Well, Tumblr just announced that after December 17th, they will ban any and all ‘adult’ content. This alone will probably kill the website entirely, but whatever. Burning one’s own business to the ground for no reason is their prerogative.

Sadly for literally everyone else on the site, tumblr’s adult content detection algorithm is less an algorithm and more a random number generator that flags every 7/10 posts as NSFW.

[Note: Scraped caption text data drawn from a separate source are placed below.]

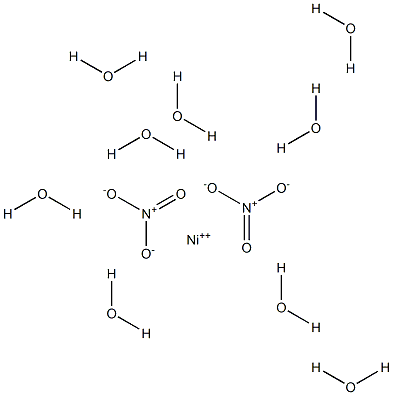 Nickel(II) nitrate nonahydrate Struktur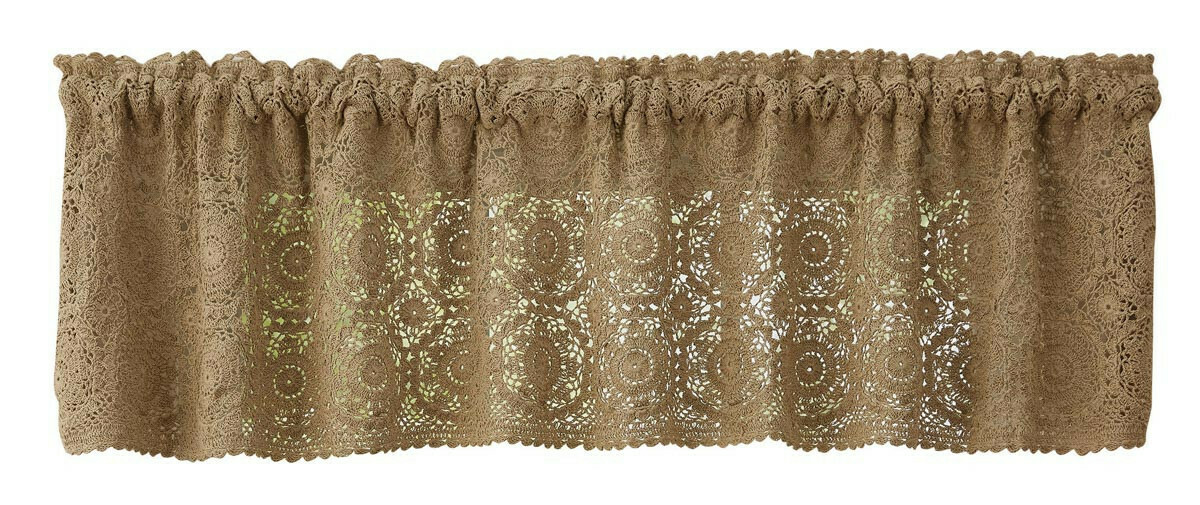 Lace Valance Oatmeal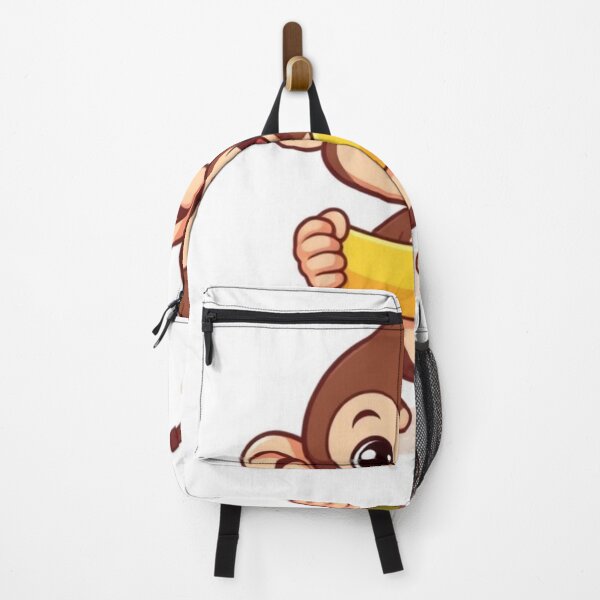 Item preview, Cute Monkey Holding Banana with Thumbs Up Vector Illustration designed and sold by hjian8219.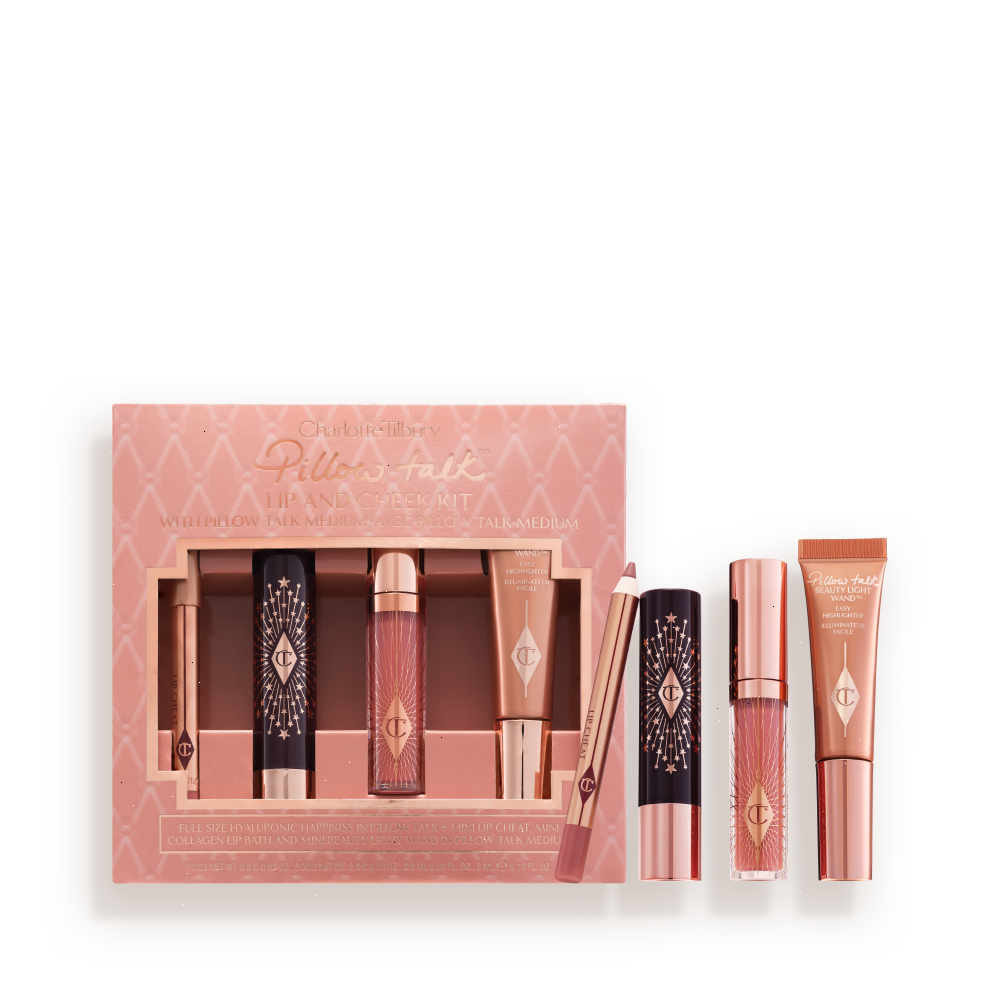 PILLOW TALK ICONIC LIP AND CHEEK KIT - PILLOW TALK MEDIUM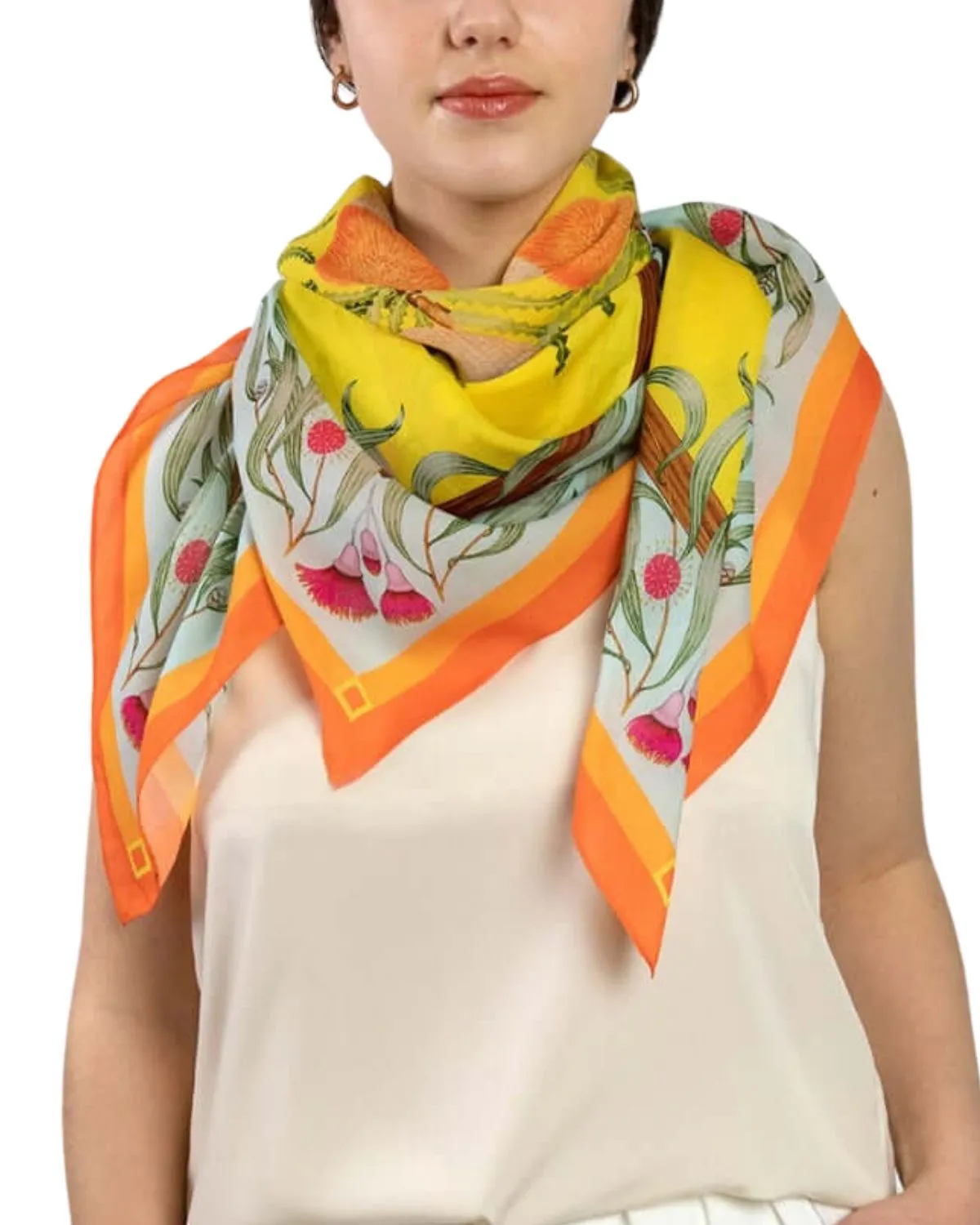 Carnaby's Cockatoos Tencel Scarf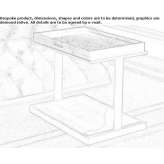 Square coffee table with tray Corongo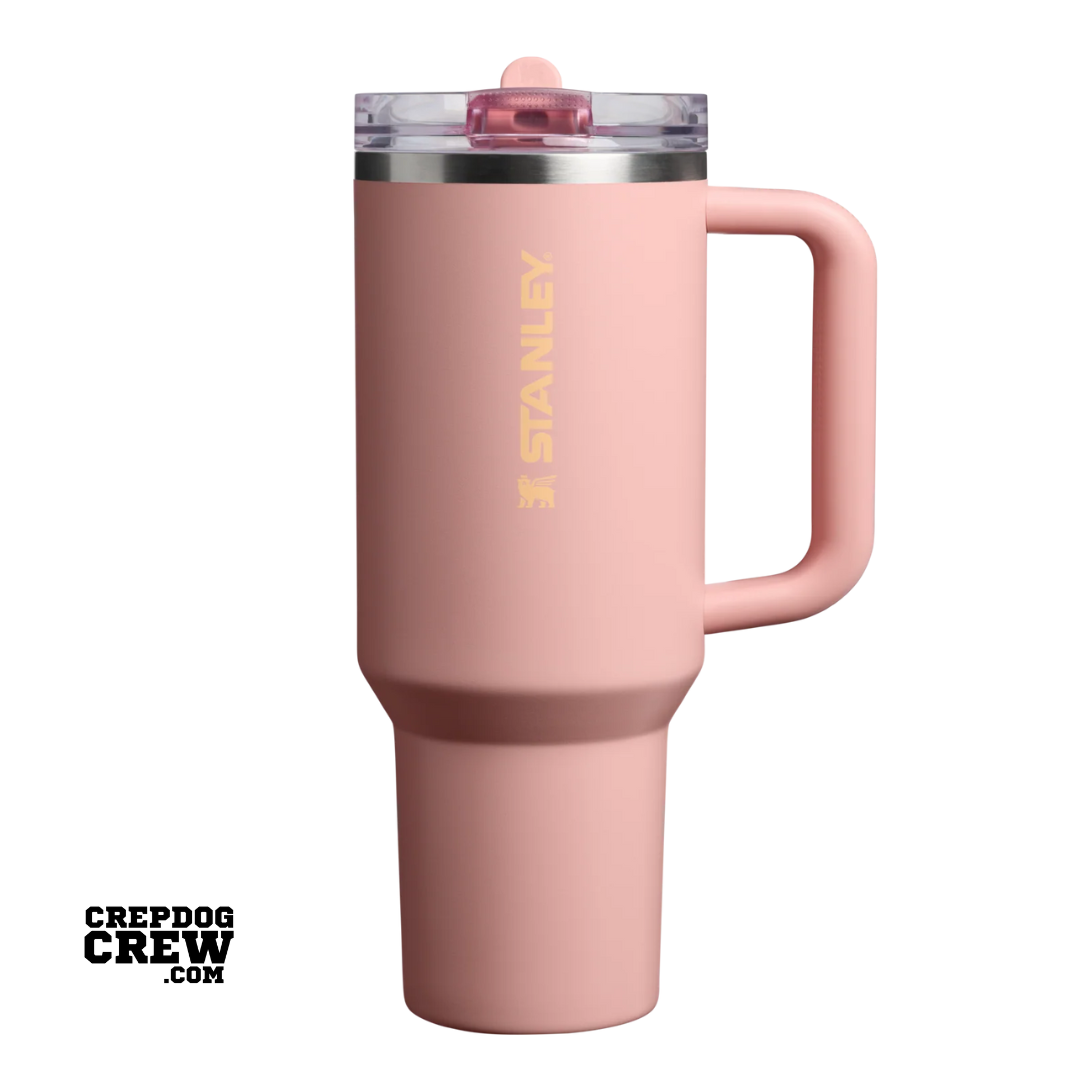 STANLEY TUMBLER Mug ProTour Flip Straw Peach Rose 40 oz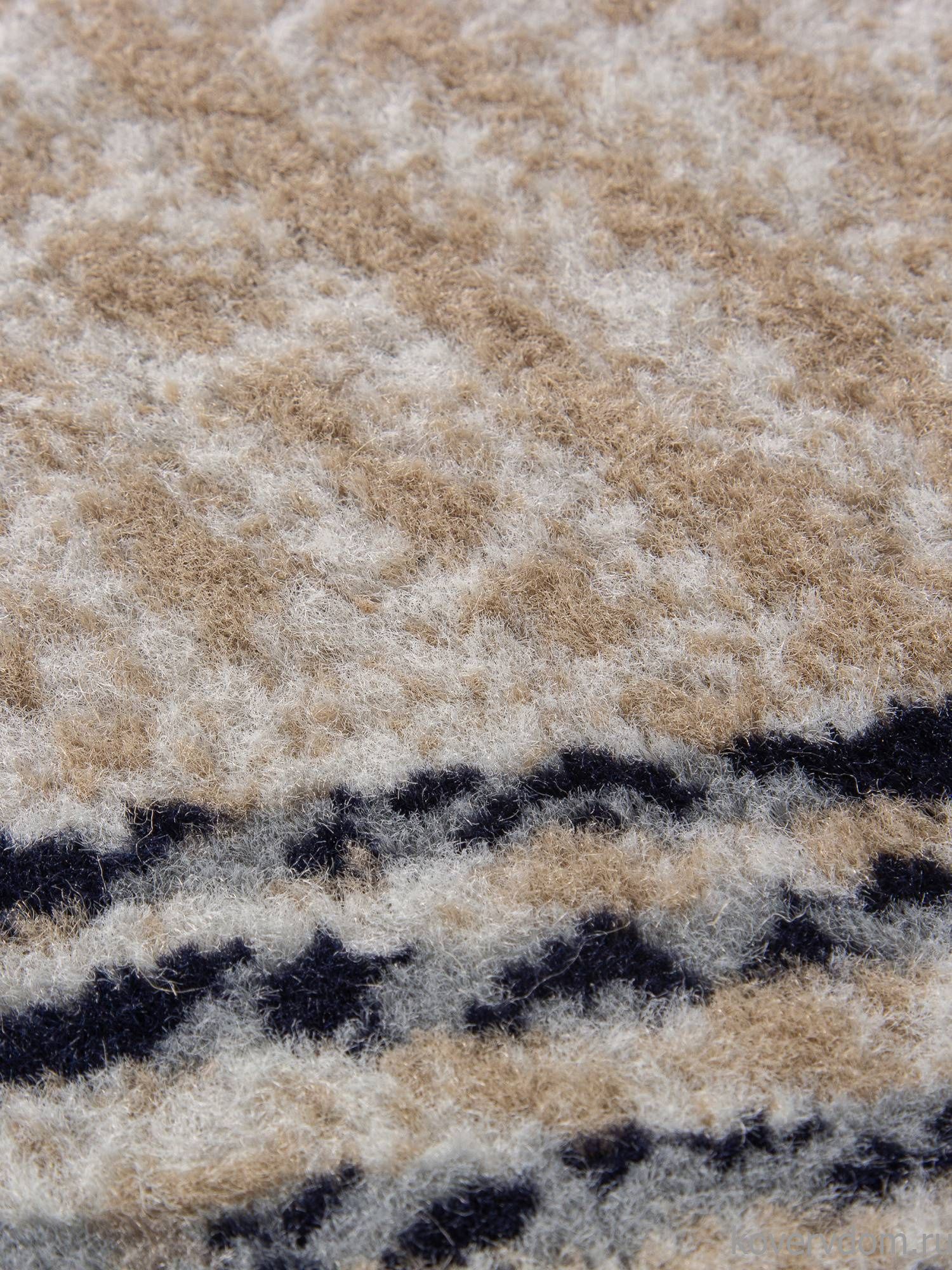 Ковер PRAGA 06022A TOZ GRI / NAVY Овал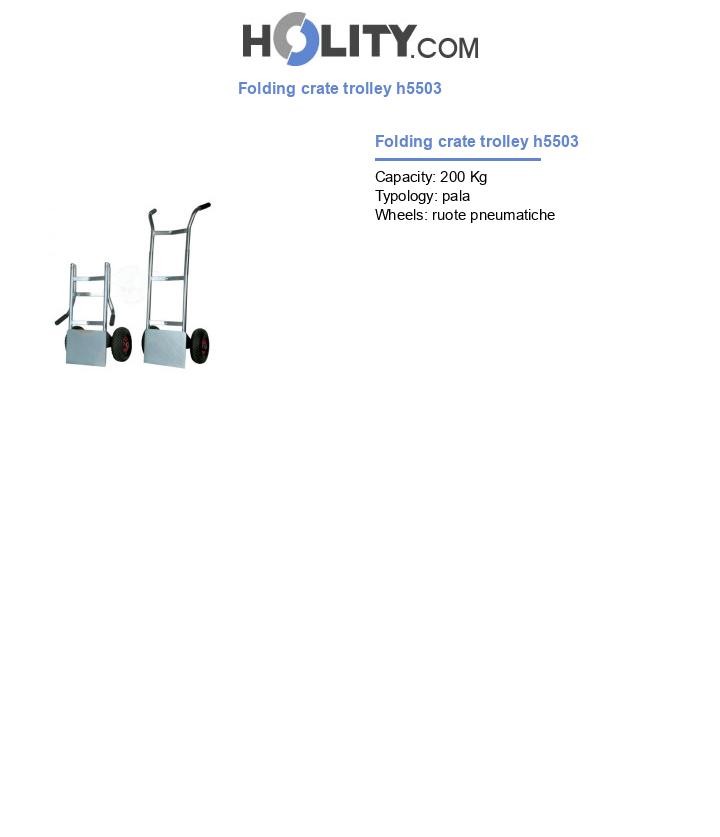 Folding crate trolley h5503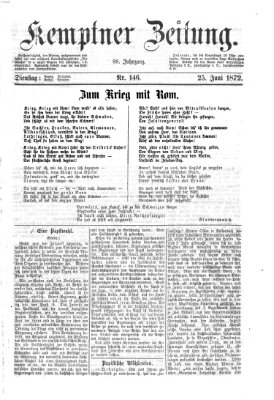 Kemptner Zeitung Dienstag 25. Juni 1872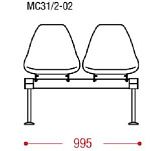 КФ Вектор 31/2 PL двухместная секция 99.5х83.5х61.5 см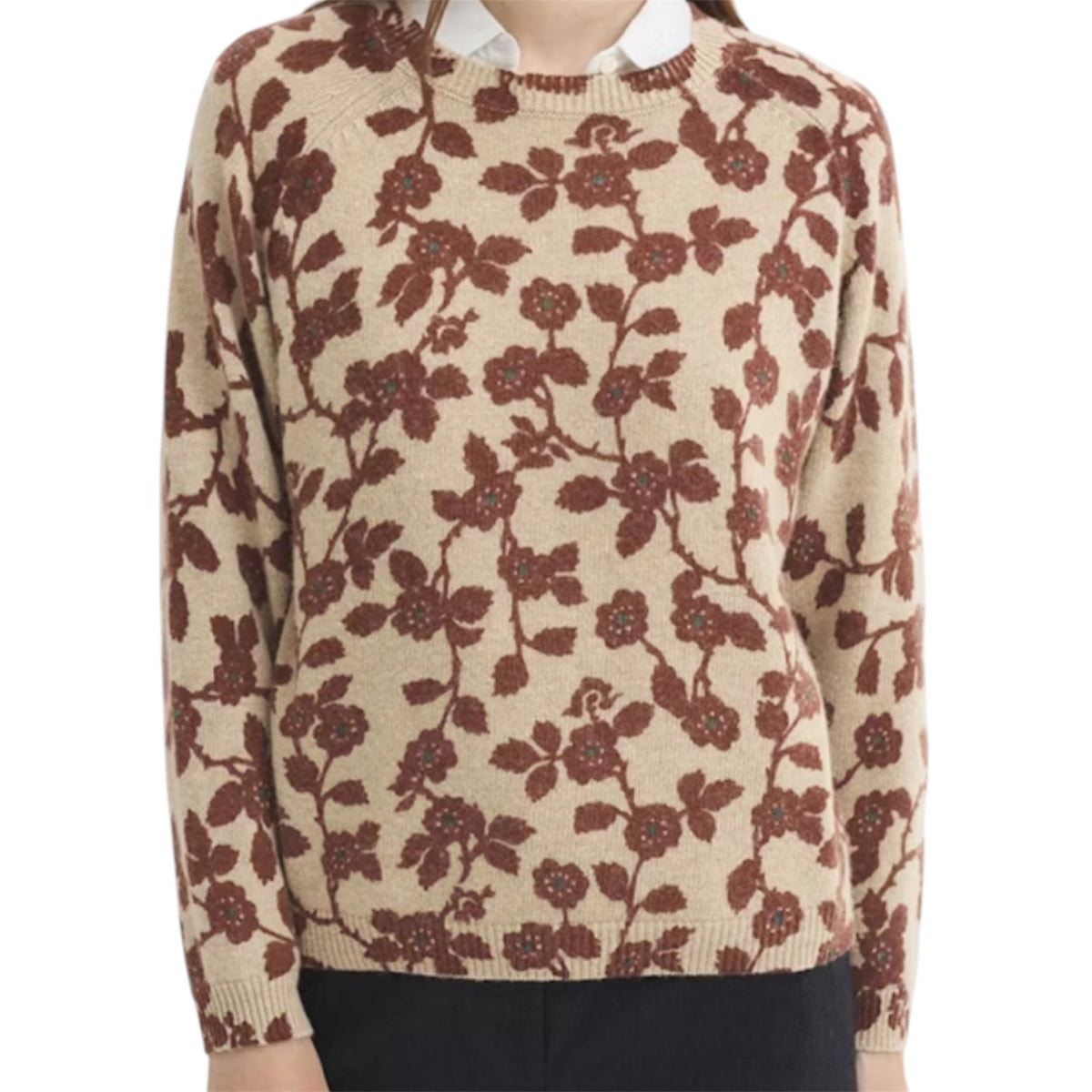 NiceThings maglia girocollo fiorata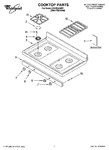 Diagram for 01 - Cooktop Parts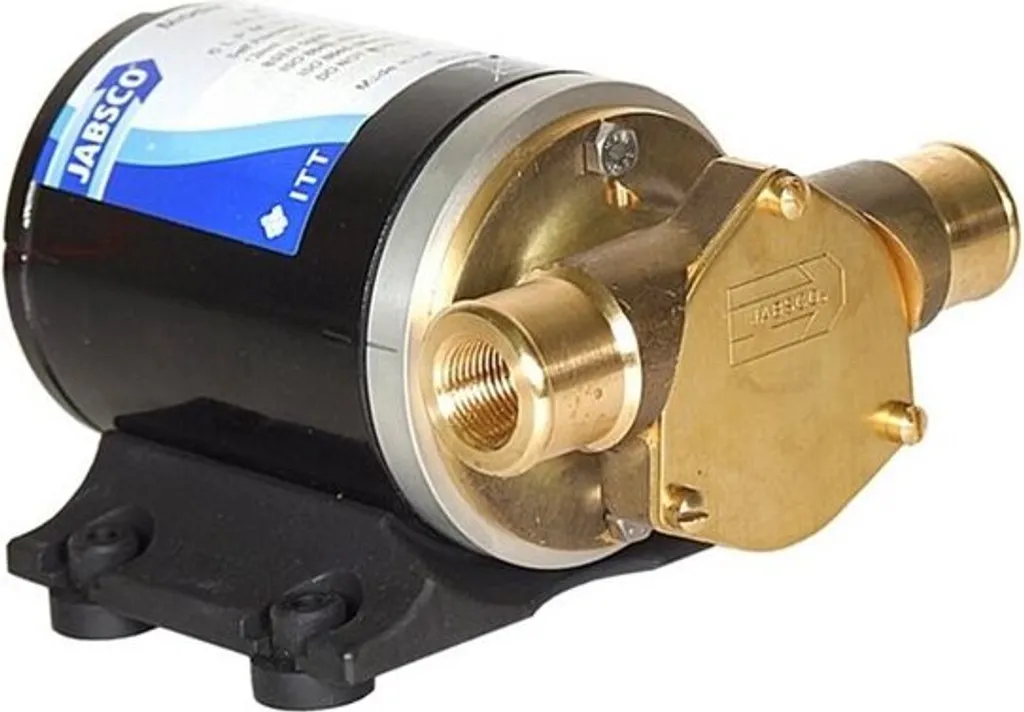 Pompe de cale polyvalente Jabsco Junior-Pup 12V avec turbine souple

A few years ago, most CC creators moved off of larger sites and forums, and onto personal tumblr blogs, where they exclusively post download links to their content. This actually made it pretty hard to keep track of new uploads, especially because most creators posted stories or personal posts between uploads, so new CC posts would easily get lost on one’s dashboard. It wasn’t a paradigm shift that I was particularly fond of, but it did end up spawning ‘find blogs’: blogs that solely exist for the author to reblog CC that they like. Oftentimes find blogs will use an extensive tagging system, so that readers can navigate easily to find something they’re interested in without having to scroll through pages of image-heavy posts. These kinds of blogs made tumblr’s horrible search tool and natural lack of organization bearable, and no find blog is more heavily curated than sssvitlans.

Unfortunately, sssvitlans has been marked as NSFW since August 2017, and tumblr’s proposed changes will likely lead to the blog’s banning or deletion.

Google translated from Russian.

I don’t doubt that a lot of CC creators themselves will also have to move elsewhere, as even those who only create SFW CC aren’t safe from an algorithm that seems to be flagging posts at random. Skin makers, who have to use nude models for their preview shots in order to, you know, show you what you’re downloading, will also probably be heavily impacted.

But even the ones who stay, who can avoid tumblr’s banhammer will be negatively impacted by this new policy, as their content will simply be harder to find by prospective downloaders.

Hopefully the next shift this community makes is towards a site with better management. Or, at the very least, one with robust categorization and search features.

In a world where a different big curation blog, MySims3/4Blog, went dead over a year ago, it feels like the modding and creation communities for The Sims are becoming more and more fragmented as time goes on, and what was being done to keep it all strung together is itself fading.

 

No really what is tumblr even for if not rule 34 of children’s’ cartoons?